Task prompt:
Without copying any picture, return all lines below exactly.

Input data:
__________

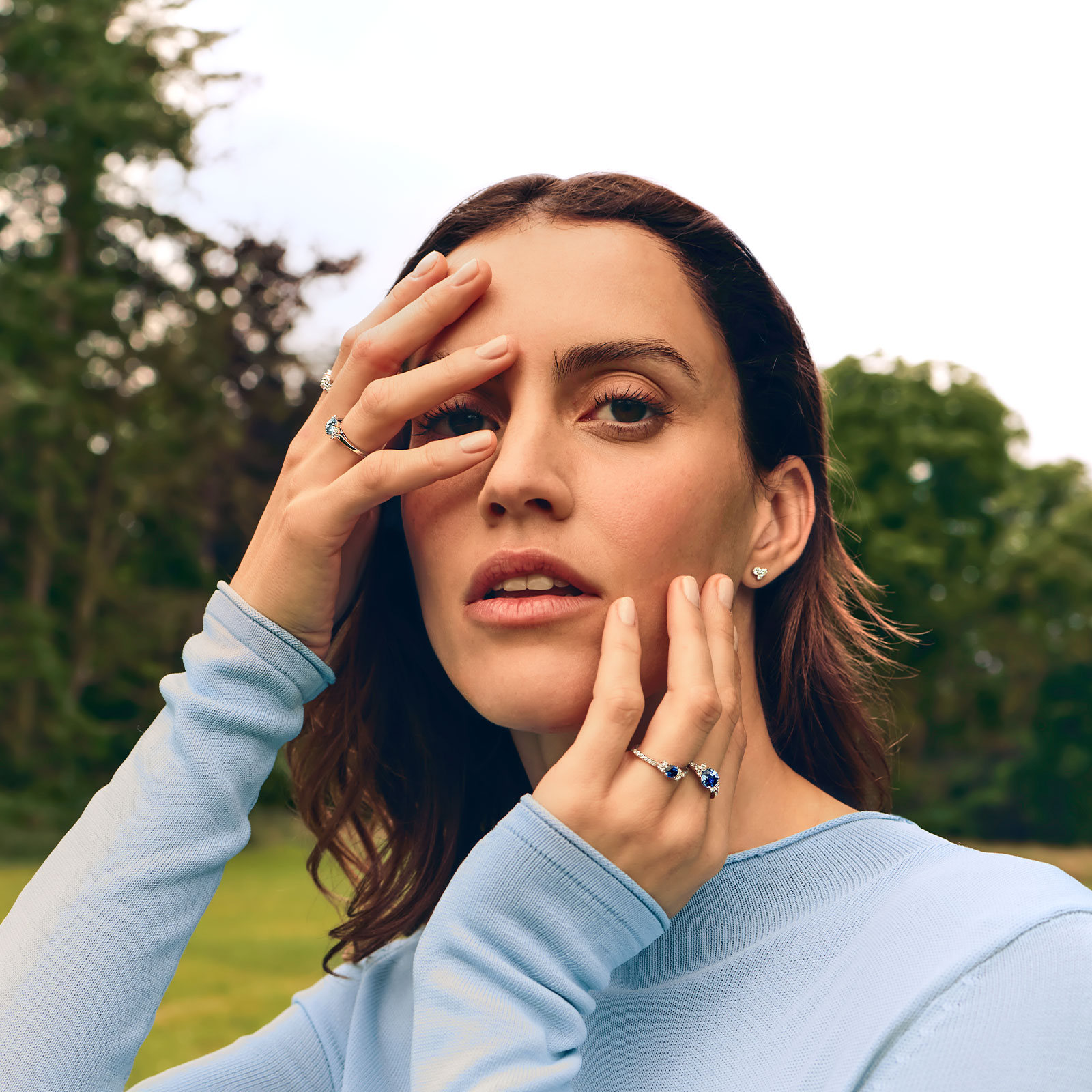 リング ホワイトゴールド アクアマリンとダイヤモンド Baby EverBloom 6 mm 5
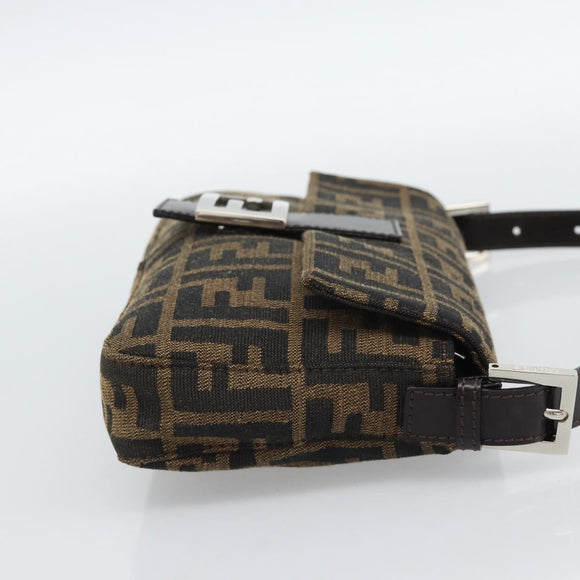 FENDI Zucca Canvas Mamma Baguette Shoulder Bag Black Brown Auth 185659SAM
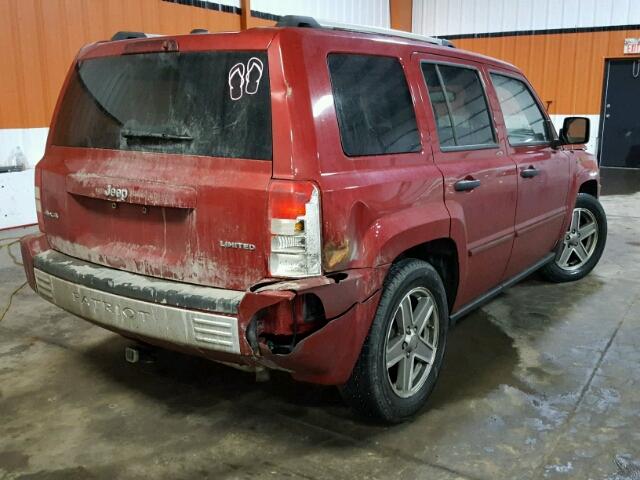 1J8FF48W17D412917 - 2007 JEEP PATRIOT LI RED photo 4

__________

Answer for the task:
 リング ホワイトゴールド アクアマリンとダイヤモンド Baby EverBloom 6 mm 5
 FENDI Zucca Canvas Mamma Baguette Shoulder Bag Black Brown Auth 185659SAM
 1J8FF48W17D412917 - 2007 JEEP PATRIOT LI RED photo 4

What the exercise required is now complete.